• [Required action]:
Here is a listing, set out below; repeat its lines from the one with "Kareena Kapoor promotes" to the last, both included, and leave out the pictures.

======== Information shown ========

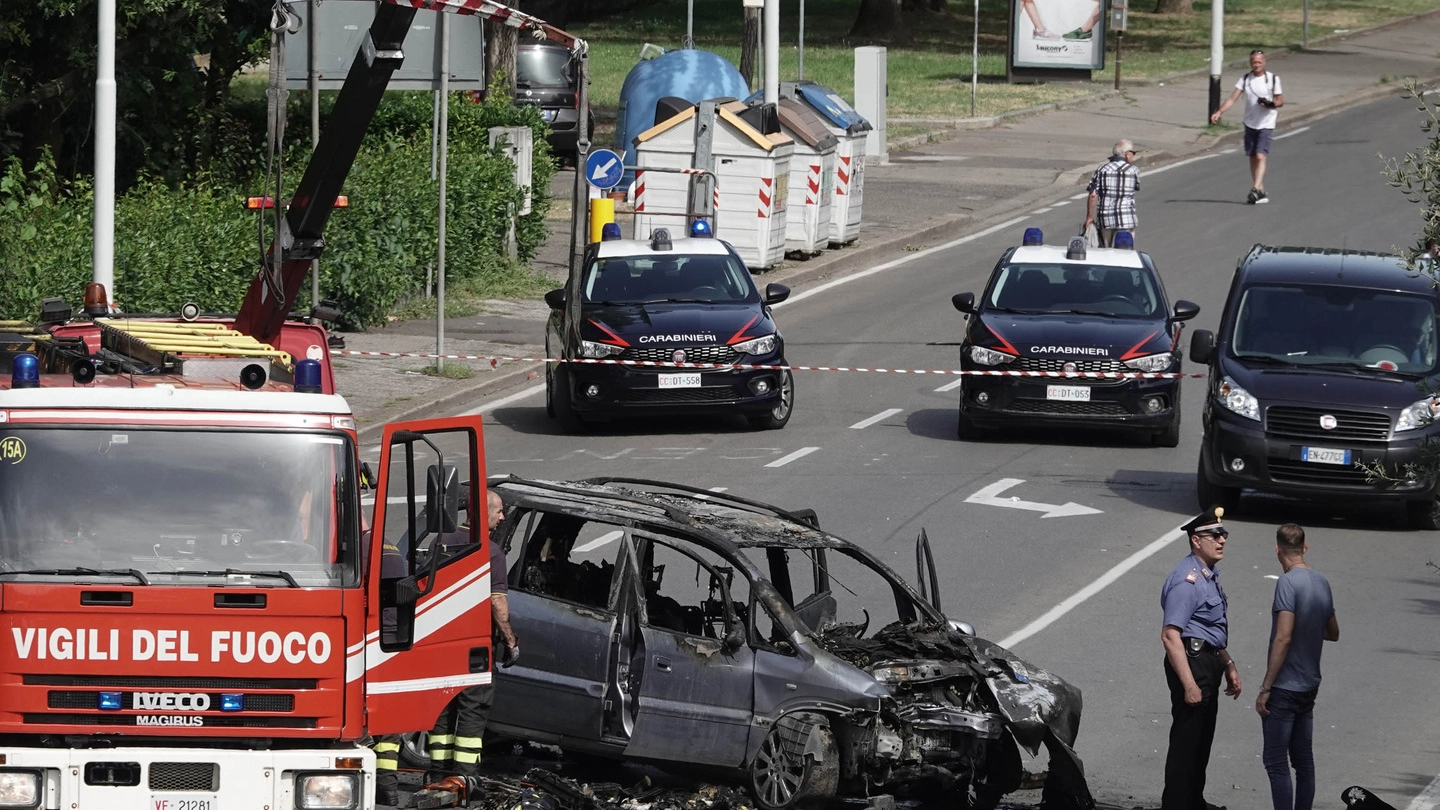 Un’immagine di via Canova pochi minuti dopo il terribile incidente che ha concluso l’inseguimento tra alcune automobili condotte da rom dell’accampamento del Poderaccio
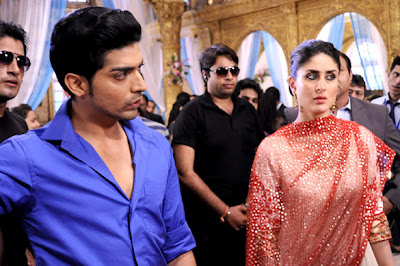 Kareena Kapoor promotes 'Heroine' at Sets of 'Punar Vivaah' serial 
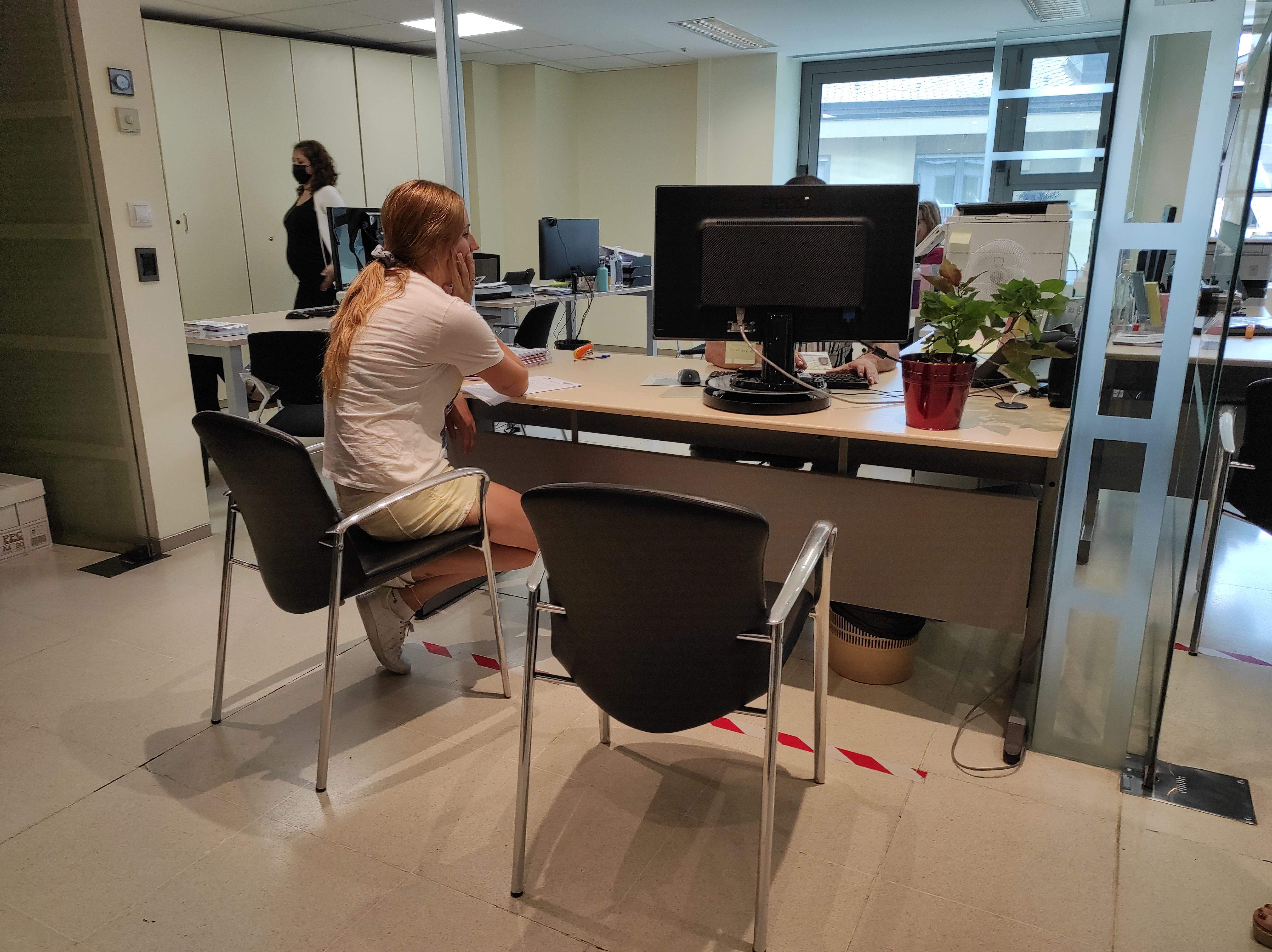 Una electora fent el tràmit per dipositar el vot.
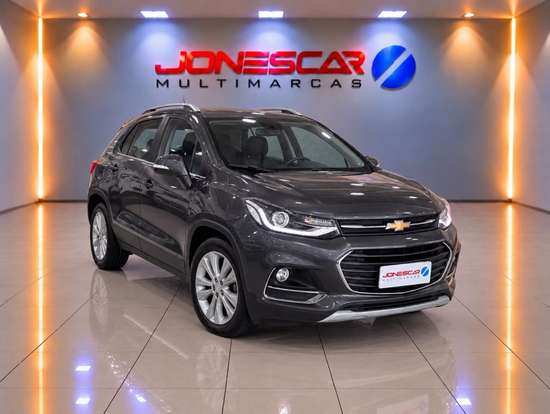 CHEVROLET-TRACKER-2017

========

• [Answer section]:
 Kareena Kapoor promotes 'Heroine' at Sets of 'Punar Vivaah' serial 
 Una electora fent el tràmit per dipositar el vot.
 CHEVROLET-TRACKER-2017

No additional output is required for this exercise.